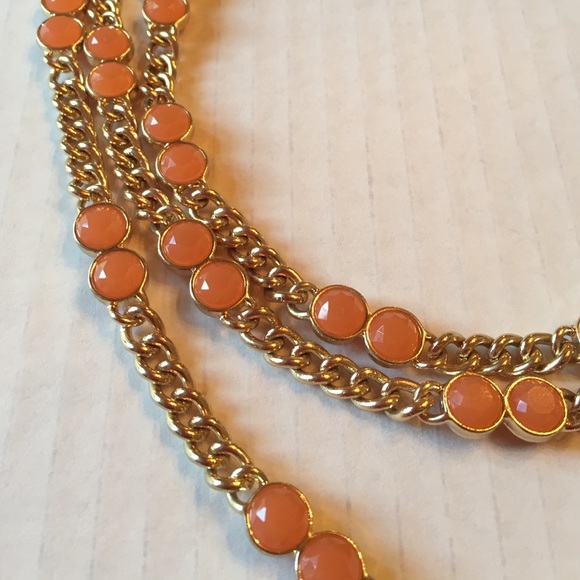 Banana Republic 3 tiered necklace - Picture 2 of 3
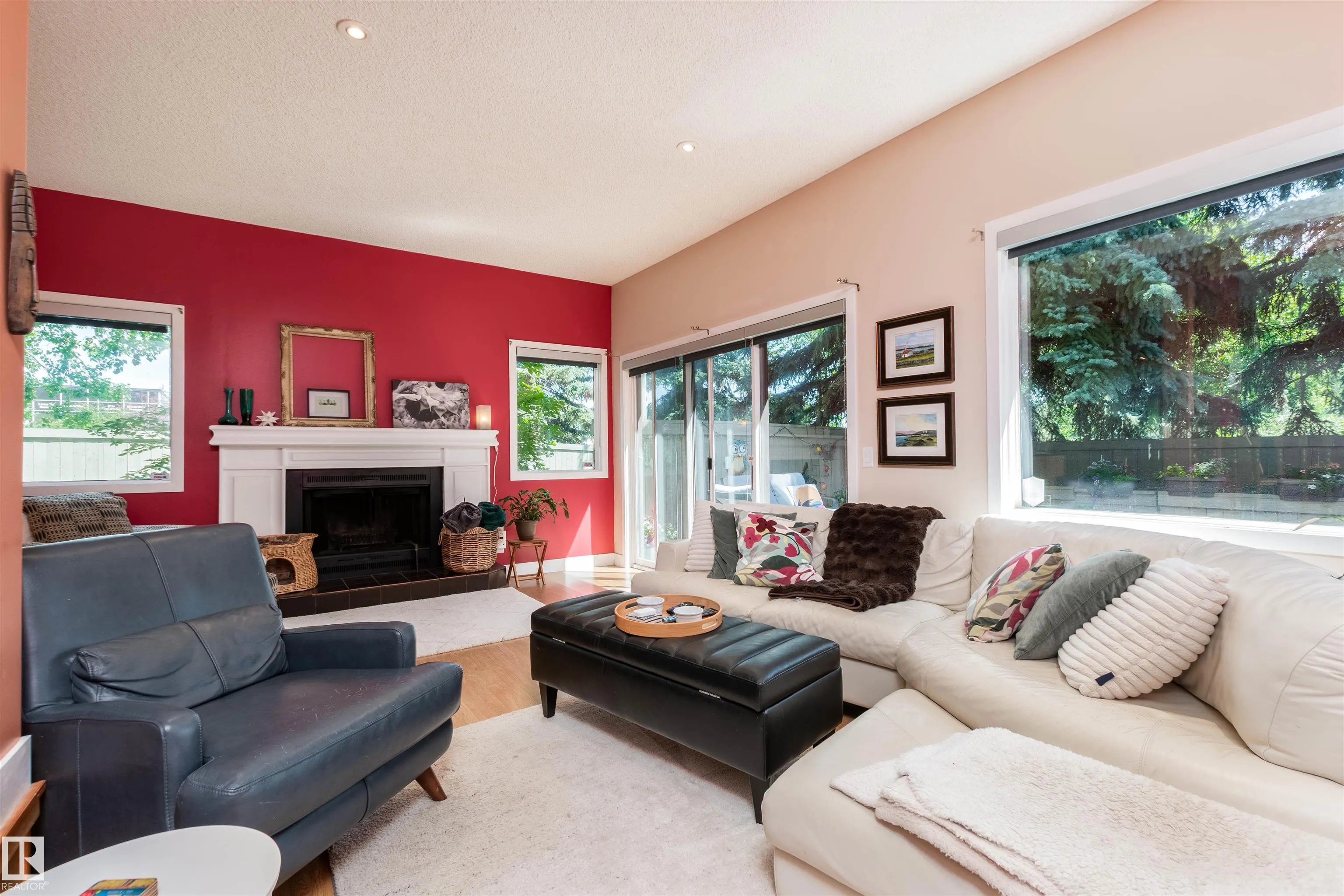 614 WOODBRIDGE Way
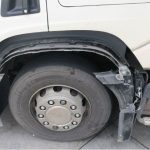 Na dálnici D3 způsobil řidič Peugeotu nehodu, pak ujel. Policie hledá svědky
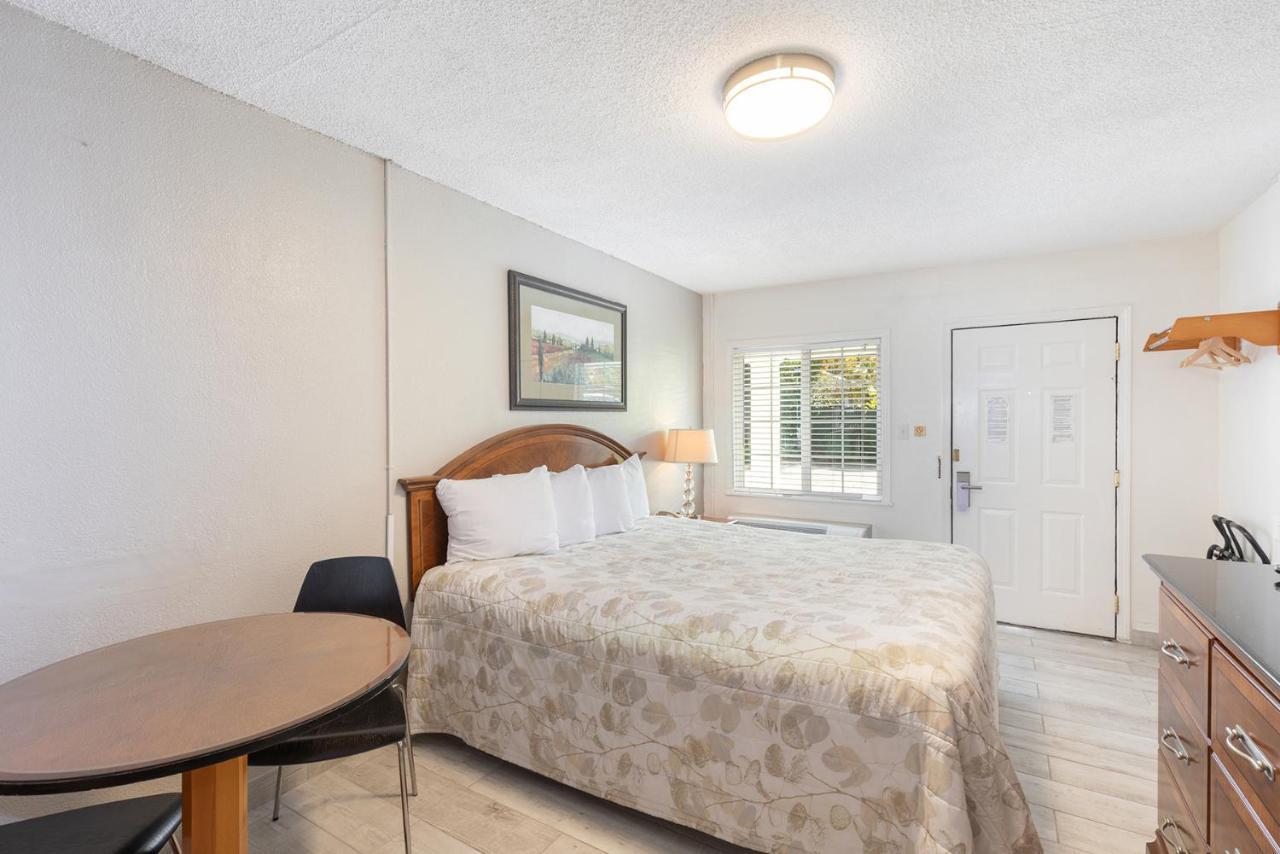 Vineyard Valley Inn Cloverdale Bagian luar foto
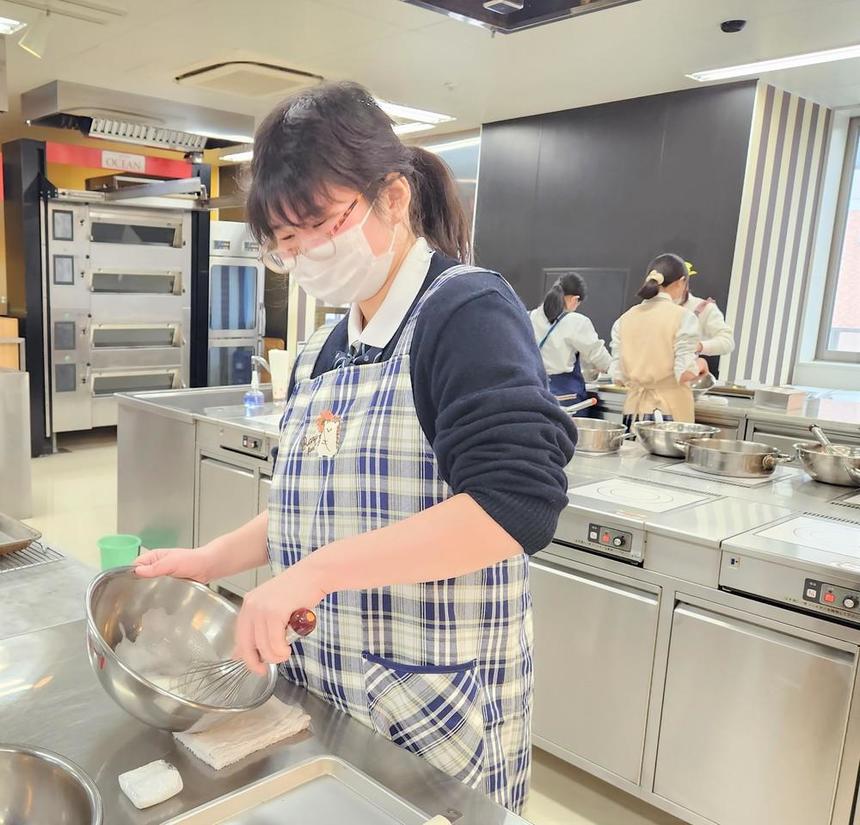 学校法人平岡学園で製菓体験をしている生徒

══════════════════════════════

From the first line to the last, reproduce the records above exactly and skip the pictures.

→ ANSWER SPACE
 Banana Republic 3 tiered necklace - Picture 2 of 3
 614 WOODBRIDGE Way
 Na dálnici D3 způsobil řidič Peugeotu nehodu, pak ujel. Policie hledá svědky
 Vineyard Valley Inn Cloverdale Bagian luar foto
 学校法人平岡学園で製菓体験をしている生徒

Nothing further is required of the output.